» **Records provided**:
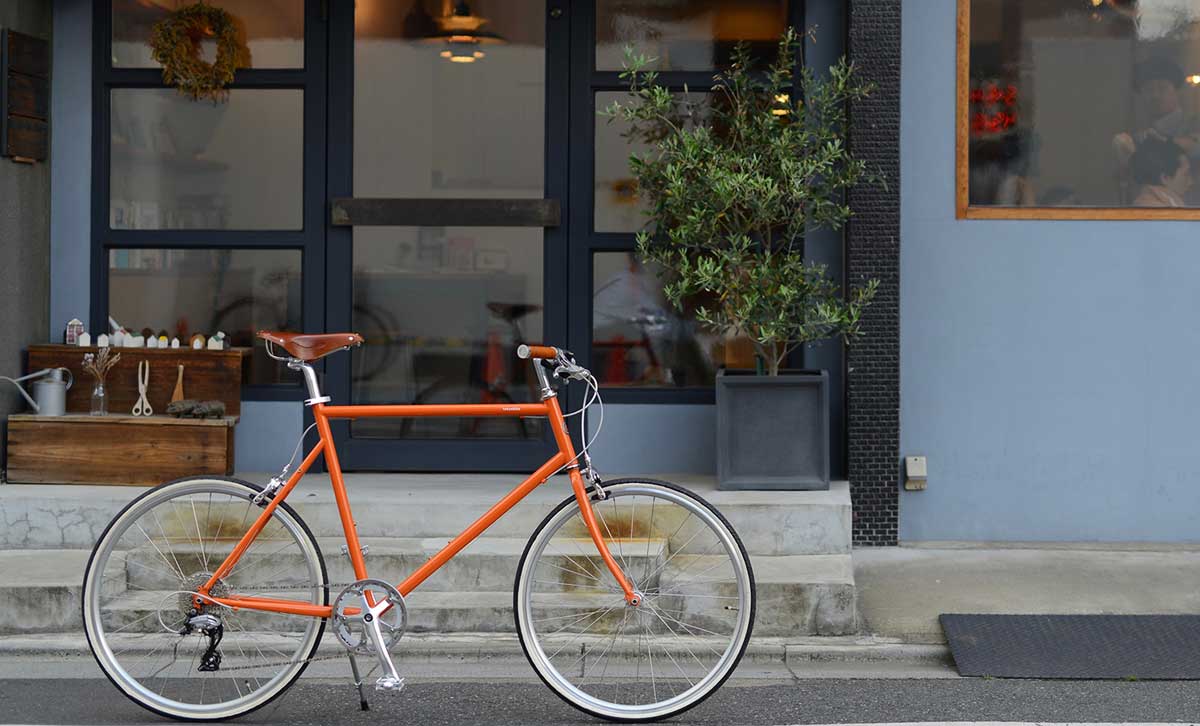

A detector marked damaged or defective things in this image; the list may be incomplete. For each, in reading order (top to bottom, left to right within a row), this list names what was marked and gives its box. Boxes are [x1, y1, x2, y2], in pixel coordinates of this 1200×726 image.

cracked concrete wall [0, 0, 52, 472]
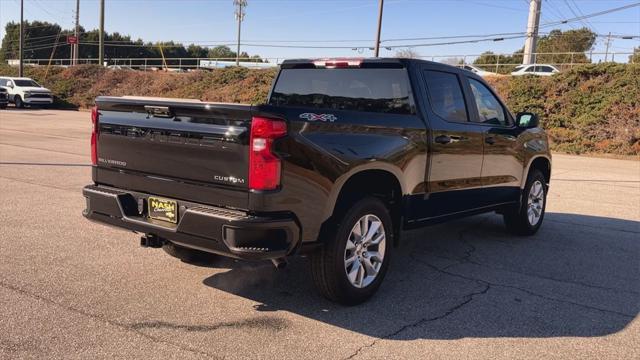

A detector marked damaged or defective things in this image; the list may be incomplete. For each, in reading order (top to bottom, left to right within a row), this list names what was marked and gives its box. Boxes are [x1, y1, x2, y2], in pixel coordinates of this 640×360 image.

cracked asphalt [0, 108, 636, 358]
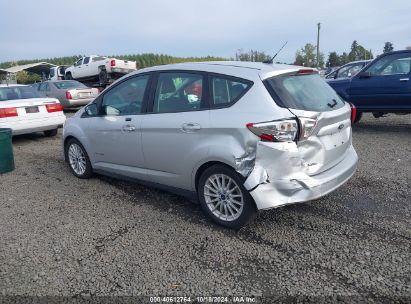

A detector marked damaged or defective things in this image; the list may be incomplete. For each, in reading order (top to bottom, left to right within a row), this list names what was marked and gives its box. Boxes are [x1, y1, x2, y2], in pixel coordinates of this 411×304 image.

rear bumper damage [245, 142, 358, 209]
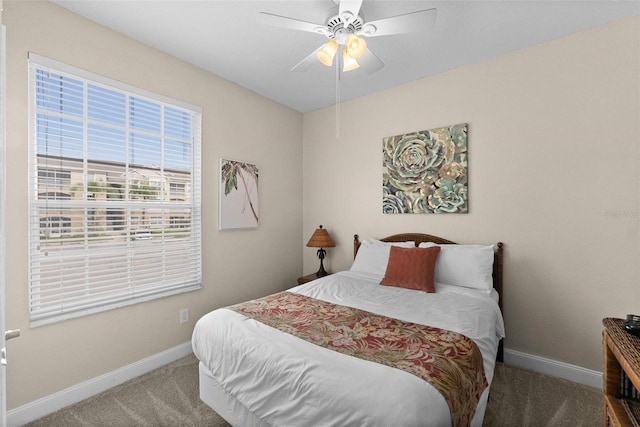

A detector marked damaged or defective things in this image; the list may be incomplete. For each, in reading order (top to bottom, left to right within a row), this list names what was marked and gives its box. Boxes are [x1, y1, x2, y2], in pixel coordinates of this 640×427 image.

rust throw pillow [380, 246, 440, 292]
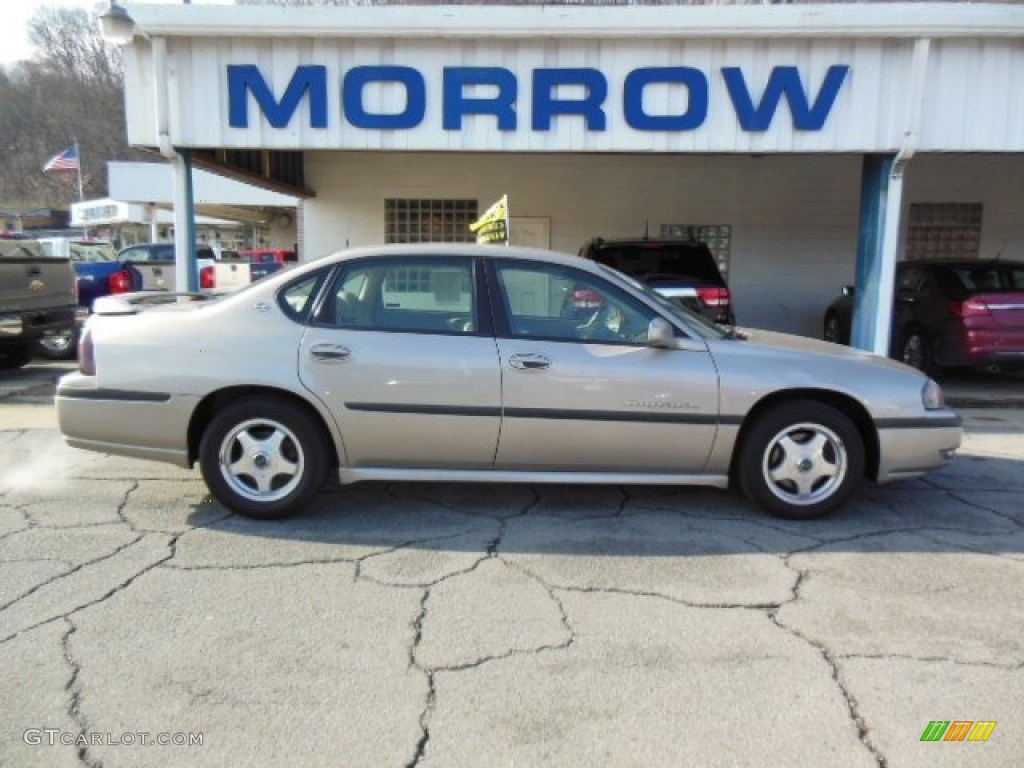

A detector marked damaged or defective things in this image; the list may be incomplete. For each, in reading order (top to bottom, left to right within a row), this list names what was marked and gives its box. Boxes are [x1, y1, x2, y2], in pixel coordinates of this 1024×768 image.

cracked pavement [0, 397, 1019, 768]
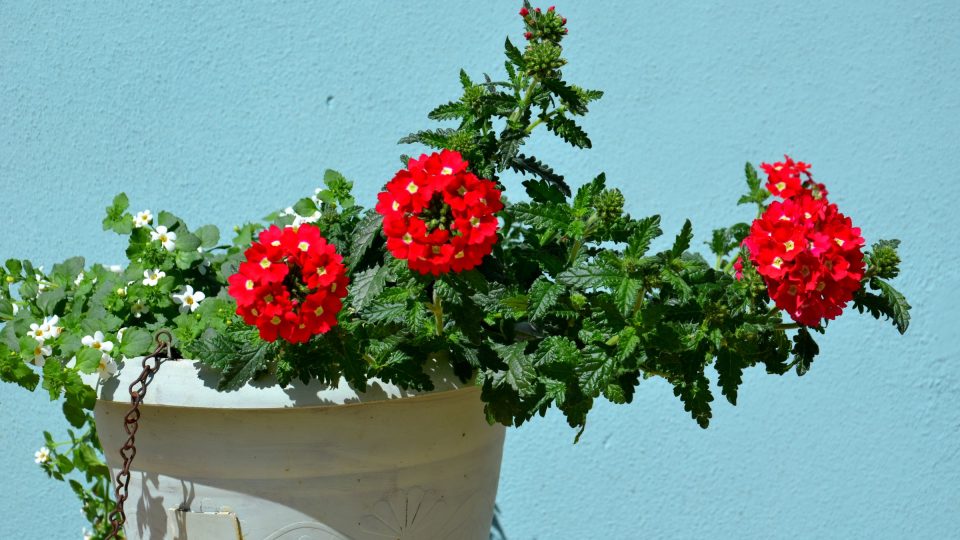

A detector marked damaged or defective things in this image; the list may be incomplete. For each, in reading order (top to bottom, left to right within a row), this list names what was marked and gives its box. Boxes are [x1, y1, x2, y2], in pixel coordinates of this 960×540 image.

rusty metal chain [106, 332, 173, 536]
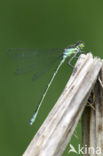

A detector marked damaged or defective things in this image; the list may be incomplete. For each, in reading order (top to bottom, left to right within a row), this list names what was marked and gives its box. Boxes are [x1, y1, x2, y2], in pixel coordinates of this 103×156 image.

splintered wood [22, 53, 102, 156]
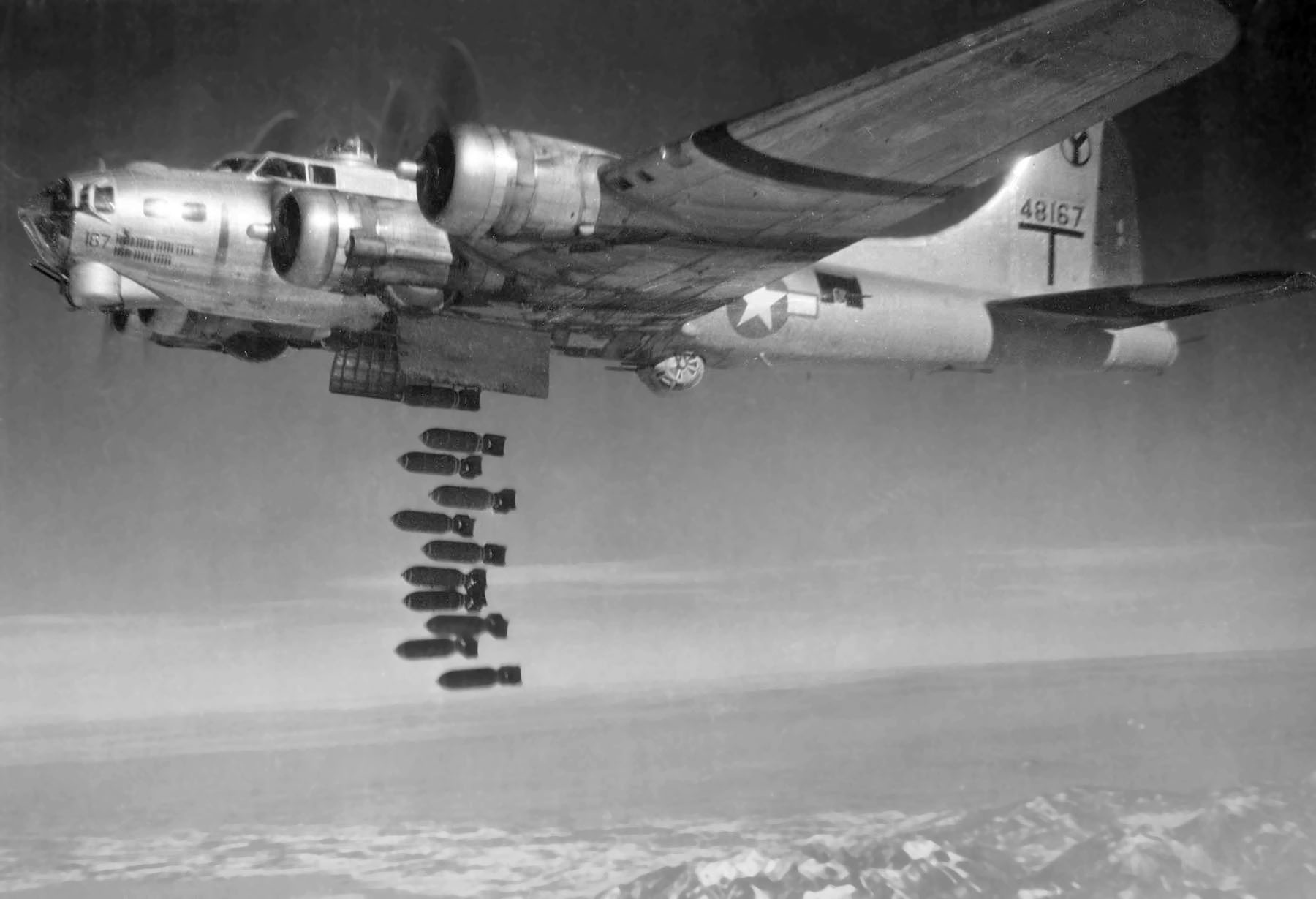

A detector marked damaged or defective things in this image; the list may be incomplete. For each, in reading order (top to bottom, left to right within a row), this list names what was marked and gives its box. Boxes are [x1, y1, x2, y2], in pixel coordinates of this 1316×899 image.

damaged nose section [18, 176, 75, 288]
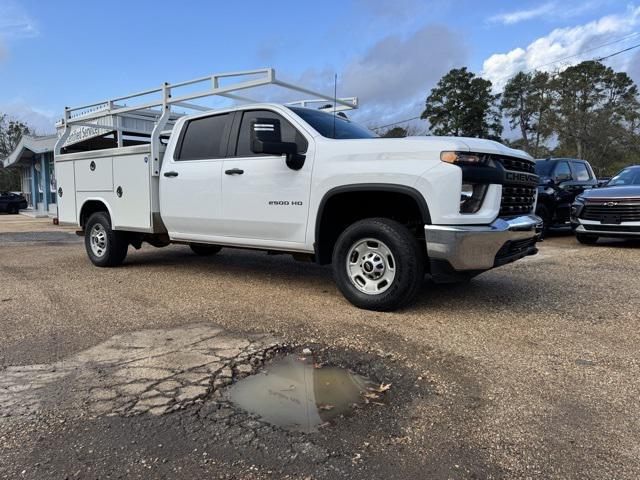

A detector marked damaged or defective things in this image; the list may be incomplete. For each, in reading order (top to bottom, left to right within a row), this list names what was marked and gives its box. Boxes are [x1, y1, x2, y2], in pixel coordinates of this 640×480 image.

pothole [225, 352, 388, 436]
cracked asphalt [1, 216, 640, 478]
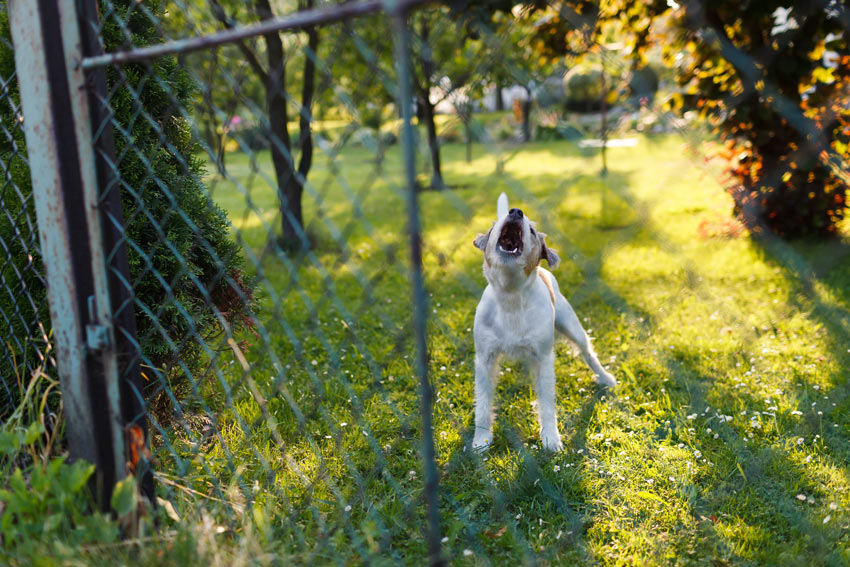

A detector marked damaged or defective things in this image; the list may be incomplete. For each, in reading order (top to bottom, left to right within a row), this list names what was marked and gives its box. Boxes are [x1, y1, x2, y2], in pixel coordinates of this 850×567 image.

rusty fence post [7, 0, 147, 512]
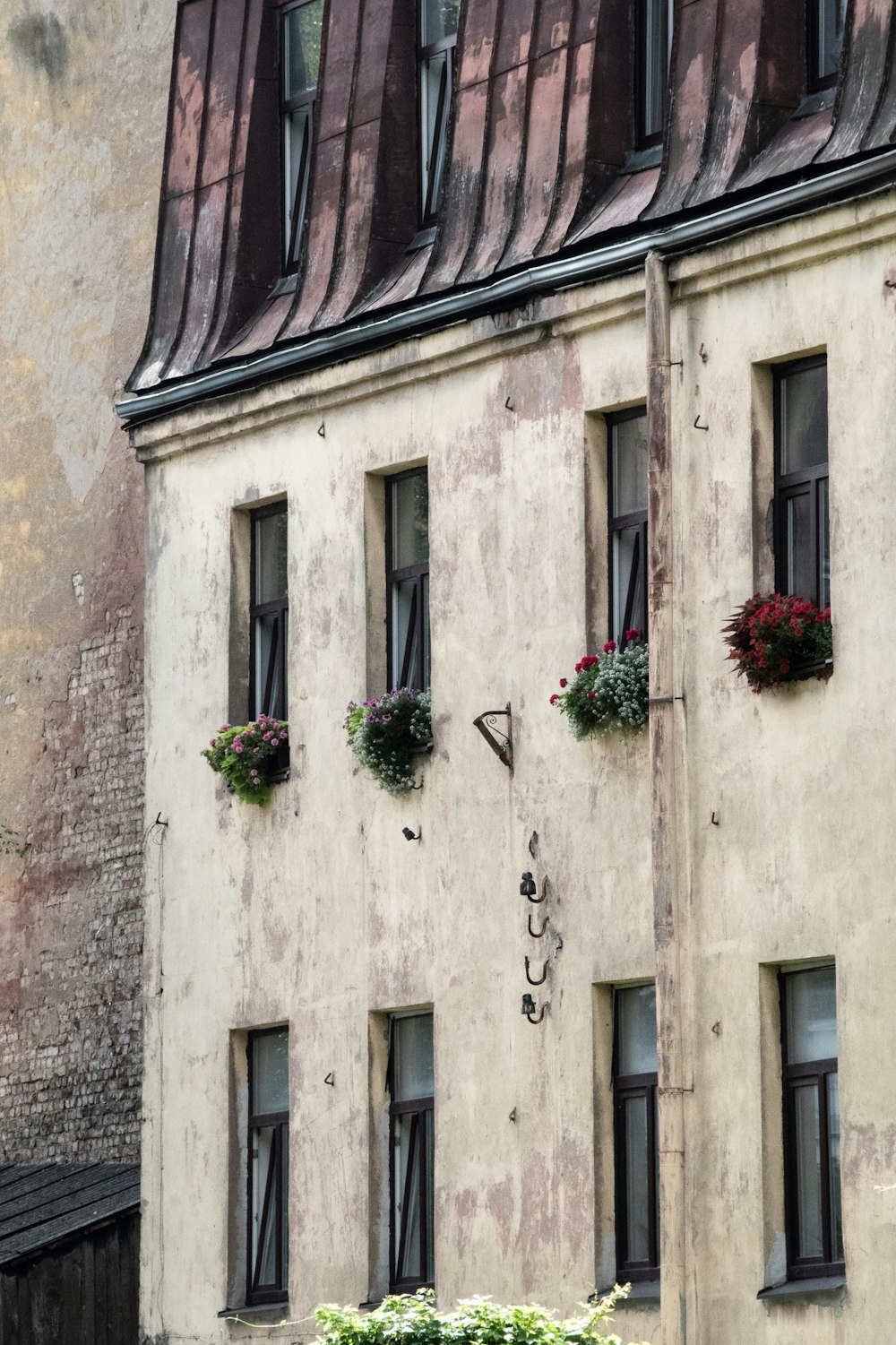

» **Task goal**: Retype the data above verbatim, minus images.

» **Solution for this exercise**:
A detector marked damaged or defective things in this image; the list may be incomplete. For each, in reading order (top to bottom, left to right within a row), this list names what was marked and gives its box. Boxes are [x1, y1, x2, y2], in pixel coordinates of this 1200×726 image.

cracked concrete wall [0, 0, 52, 472]

A detector marked damaged or defective things in this image; the list may be incomplete. For each, in reading order (top to bottom, left to right within a row), this list names what was marked and gives its box. Boxes are [x1, y1, x2, y2], in pixel coordinates of this 640×360 image.

cracked asphalt [0, 108, 636, 358]

A detector marked damaged or defective things in this image; the list may be incomplete. For each, in reading order (top to bottom, left to right within a row), this list names what was marked and gives its box. Boxes are [x1, y1, x2, y2], in pixel coordinates of this 411×304 image.

rear bumper damage [245, 142, 358, 209]

A detector marked damaged or defective things in this image; the list may be incomplete. For each, in reading order (top to bottom, left to right within a row), this list names what was marked and gives its box. Boxes are [x1, y1, x2, y2], in pixel coordinates of this 640×427 image.

rust throw pillow [380, 246, 440, 292]

A detector marked damaged or defective things in this image; the list may be incomplete. For each, in reading order (top to bottom, left to right within a row), this list names what was marked and gives its box. Boxes are [x1, y1, x2, y2], in pixel coordinates of this 1024×768 image.

cracked pavement [0, 397, 1019, 768]

A detector marked damaged or defective things in this image; the list may be incomplete. For each, in reading order (top to bottom, left to right within a row), this list names what was marked and gives its box. Boxes are [x1, y1, x2, y2], in pixel coordinates of this 960×540 image.

rusty metal chain [106, 332, 173, 536]

A detector marked damaged or defective things in this image; the list may be incomplete. For each, in reading order (top to bottom, left to right within a row), this list names what was marked and gives its box. Boxes are [x1, y1, x2, y2], in pixel coordinates of this 103×156 image.

splintered wood [22, 53, 102, 156]

A detector marked damaged or defective things in this image; the list may be incomplete. For each, in reading order (top to bottom, left to right within a row), this list names what was marked and gives its box. Boxes are [x1, y1, x2, y2], in pixel coordinates of this 1316×899 image.

damaged nose section [18, 176, 75, 288]

A detector marked damaged or defective things in this image; the list may be incomplete. For each, in reading order (top to bottom, left to right within a row), this list names what was marked and gives its box. Boxes are [x1, y1, x2, y2], in pixel coordinates of this 640×480 image.

pothole [225, 352, 388, 436]
cracked asphalt [1, 216, 640, 478]

A detector marked damaged or defective things in this image; the list may be incomplete. For each, in reading order (top to bottom, left to right within a row), this list names what was marked and gives its box. Boxes are [x1, y1, x2, y2], in pixel coordinates of this 850×567 image.

rusty fence post [7, 0, 147, 512]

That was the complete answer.